Superior energy management for fuel cell vehicles guided by improved DDPG algorithm : integrating driving intention speed prediction and health-aware control

Abstract

Despite the significant advantages of fuel cell (FC) vehicles in reducing urban air pollution and extending driving range, effectively managing their internal energy systems remains a major challenge. To maximize the operational efficiency and lifespan of the FC system without compromising fuel economy, this paper proposes a novel predictive energy management paradigm guided by deep reinforcement learning. This strategy innovatively integrates driving intention speed prediction and health-aware control.

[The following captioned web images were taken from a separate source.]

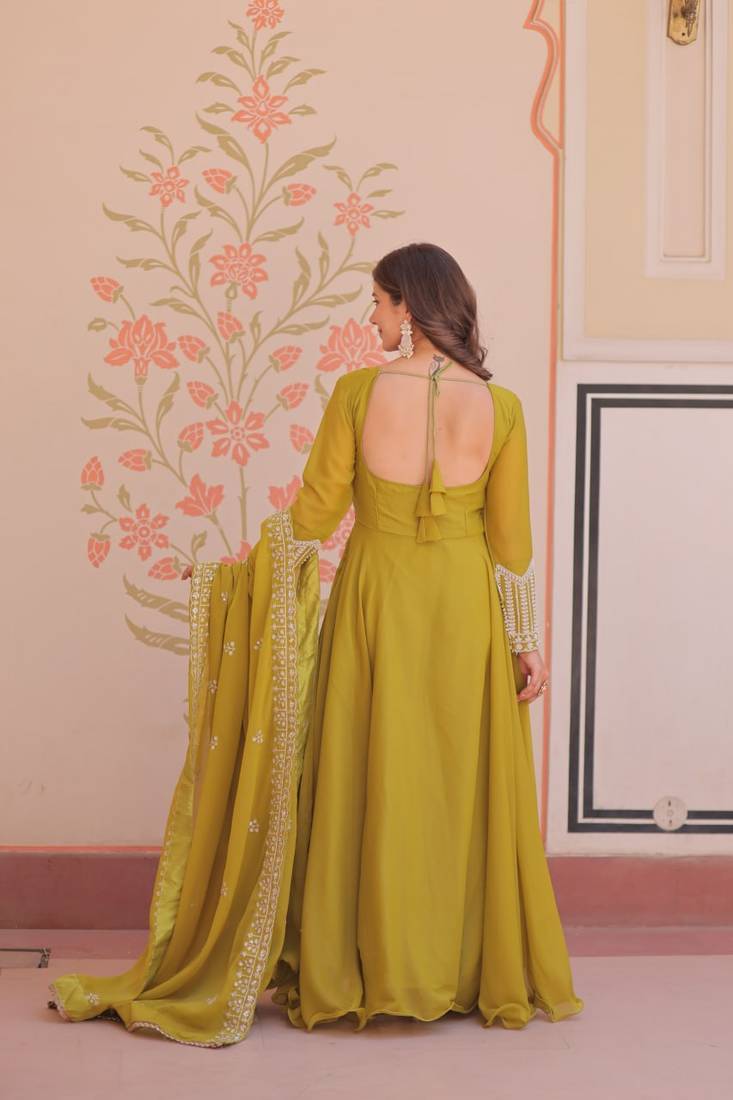 Green Star Georgette With Rich Sequins Coding  Beads Embroidered work kurti with dupatta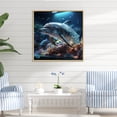thumbnail image 1 of Designart "Joyful Dolphin Delight I" Animals Dolphin Floater Framed Canvas Wall Art, 1 of 5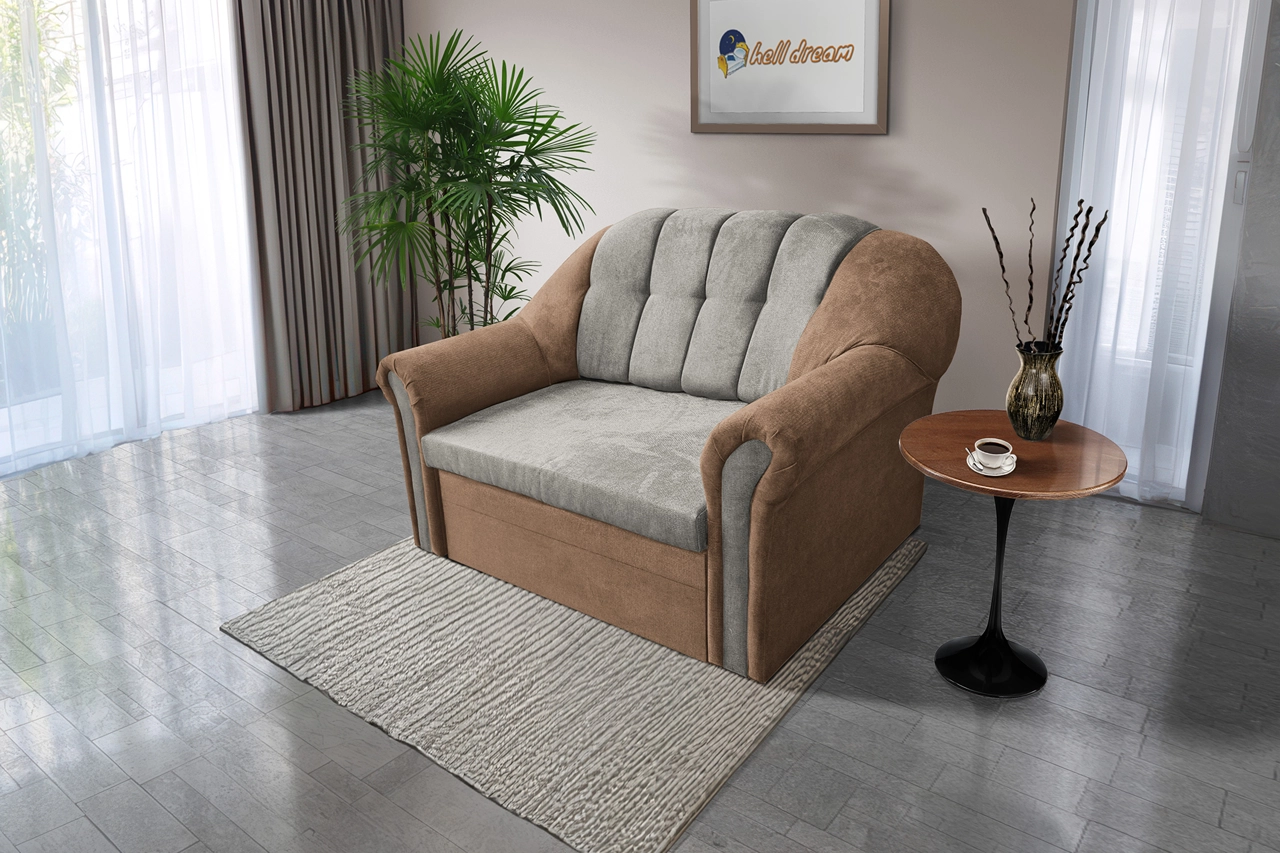 Alíz 2-es kanapé ágyazható világos datolyabarna és ónszürke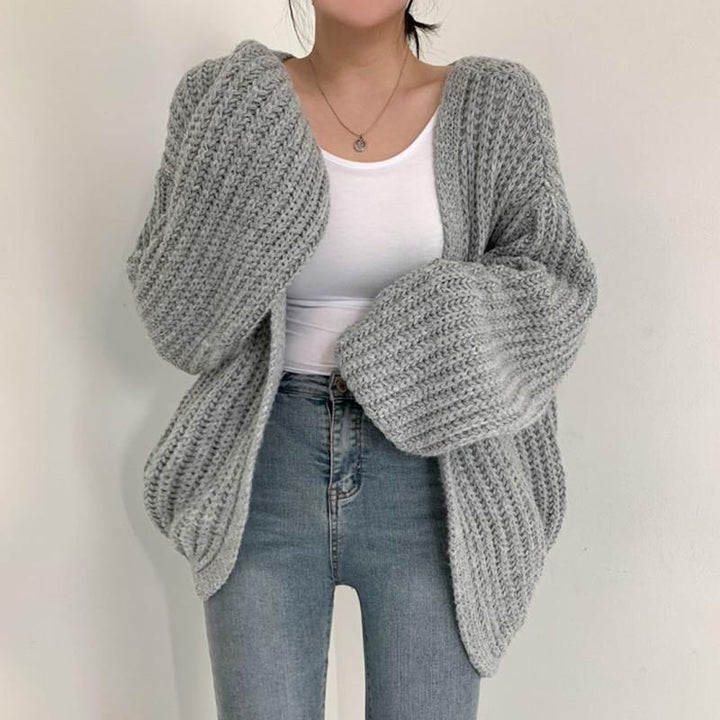 Damen grob gestrickte Oversized Cardigan mit tiefem V-Ausschnitt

Specifically, we developed a multi-input bi-directional long short-term memory (BiLSTM) predictor incorporating driving intentions (DI-BiLSTM) using the fuzzy C-means algorithm to enhance the prediction accuracy of future vehicle state trajectories. Downstream control decisions are executed through an improved deep deterministic policy gradient (DDPG) algorithm, which optimizes action space selection based on the degradation characteristics of the FC system. Additionally, during the training and validation phases of the energy management strategy (EMS), we utilized high-quality driving data collected from real bus routes using a high-performance Beidou integrated navigation system, replacing conventional standard driving cycles to enhance the strategy's generalization ability across different scenarios. The results indicate that, compared with conventional prediction model relying solely on historical speed data, the DI-BiLSTM improves prediction accuracy by at least 7.86 % over 3 s, 5 s, and 8 s prediction horizons. Compared with conventional DDPG-based EMS, the proposed EMS increases the average efficiency of the FC system by 32.18 % and extends its lifespan by 16.50 %. In terms of overall driving costs, the proposed EMS improves driving economy by 9.97 % compared with conventional DDPG-based EMS.